The difference between forex and futures trading in Hong Kong

by Micheal Quinn

What comes to mind when you think of investing in the stock market? Like most people, your first thought is stocks, bonds, mutual funds, or derivatives. But there’s another type of security investors can use to make money from movements in commodity prices: futures.

Futures and futures options allow investors to take advantage of a trend in a particular commodity or currency without actually having to buy that asset.

Futures contracts differ from stock options because they don’t give the buyer a right to sell their share at a specific price; instead, they must complete the transaction if accepted by the seller.


In this way, futures contracts are more closely related to stock purchase agreements than stock options. When it comes to the difference between futures and derivatives, there are three primary distinctions:

Fixed price vs. set price

The main difference is that while stock options give owners the right to buy or sell shares at a fixed price in the future, futures contracts require traders to fulfill their obligation by either buying or selling an asset at a predetermined price. Knowing this difference will help you understand how commodities fluctuate in value without affecting their supply or demand.

Trading platforms

You can trade both futures on exchanges and derivatives on specialized trading platforms; however, there are vast differences between forex trading and futures contract trading. For example, on an exchange like the Chicago Mercantile Exchange (CME), you will find that most of the traders are hedgers, i.e., people who own or produce an asset and want to offset their risk by locking in a future price.

Ownership of assets

The main difference between futures and conventional securities such as stocks and bonds is that the former doesn’t give you ownership of the underlying security. When you buy a futures contract, you are obligated to complete it by taking delivery of the underlying asset or making payment in cash equivalent. For this reason, some traders believe that trading in futures markets can be riskier than trading in stock markets.

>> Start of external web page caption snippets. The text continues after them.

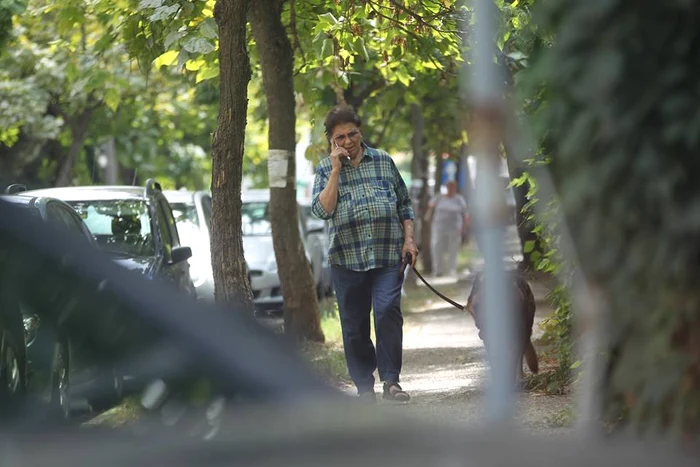 Nici o zi fără mișcare pentru cântăreața Irina Loghin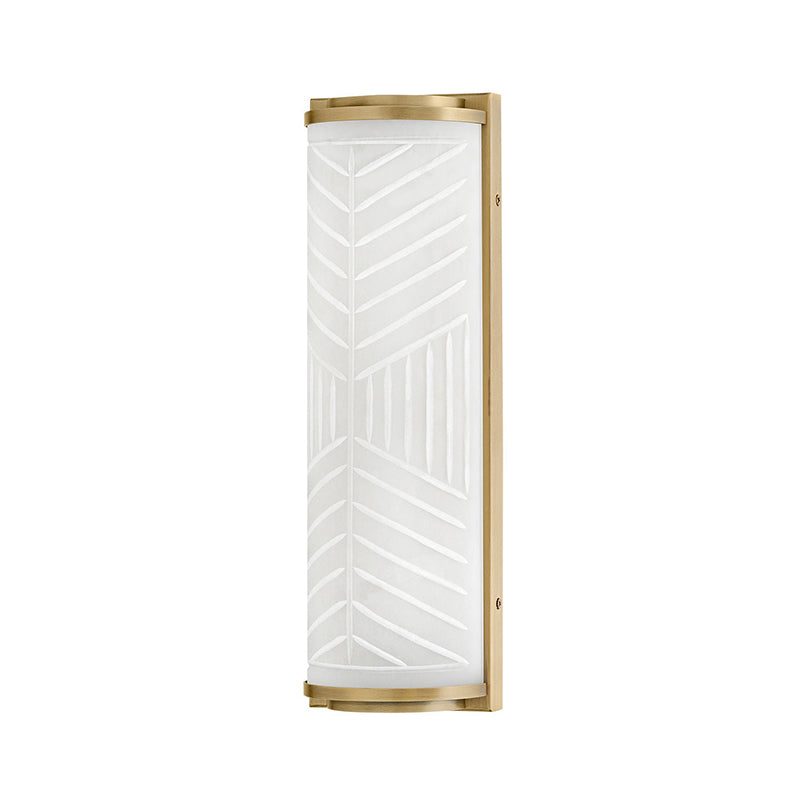 Hinkley 57860 Devon 1-lt 15" Tall LED Bath Sconce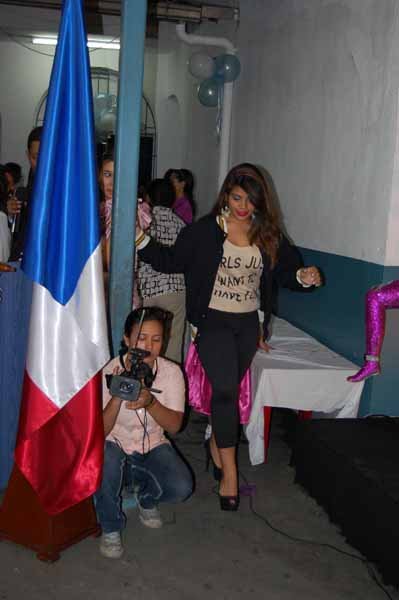 40 Aniversario del colegio 2012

Forex vs. futures in Hong Kong

The simplest way to explain the difference between forex and futures trading is this:

Fixed price

Futures have a fixed price, whereas the forex price fluctuates throughout the day. In addition, fortunes can be traded as contracts on a regulated commodity or as derivative securities on an index such as S&P 500.

In contrast, foreign exchange traders have no centralized exchange – only dealers who bid and ask prices – so it’s easy to take advantage of retail traders by pushing rates up or down.


While stock exchanges are heavily regulated in Hong Kong, no such regulation exists for currency. As a result, some believe that retail investors are at risk of being taken advantage of by money changers with insufficient knowledge about forex trading.

However, others believe this is unfair since market forces set the margin on currency exchanges. There are plenty of opportunities for people who know what they’re doing to make money – futures traders included.

Fluctuations in rates

Futures allow traders to protect themselves against fluctuations in rates by limiting how much they want to pay or receive on their trades. Your losses will always stay within an acceptable range, even if the rate takes off without notice.

On the other hand, forex trading leaves you exposed to any changes in the rates, and it’s easy to find yourself on the losing end of a significant amount.


Educate yourself first! If you can’t be bothered doing your research, leave the trading to the pros and choose ETFs (exchange-traded funds) instead – they all track international indexes such as Standard & Poor 500.

When investing in futures or forex, always watch market activity closely, try not to chase after significant returns, don’t trade too much, and don’t hold on to bad trades. Beginner traders interested in trading futures are advised to use an experienced and reputable online broker from Saxo Bank.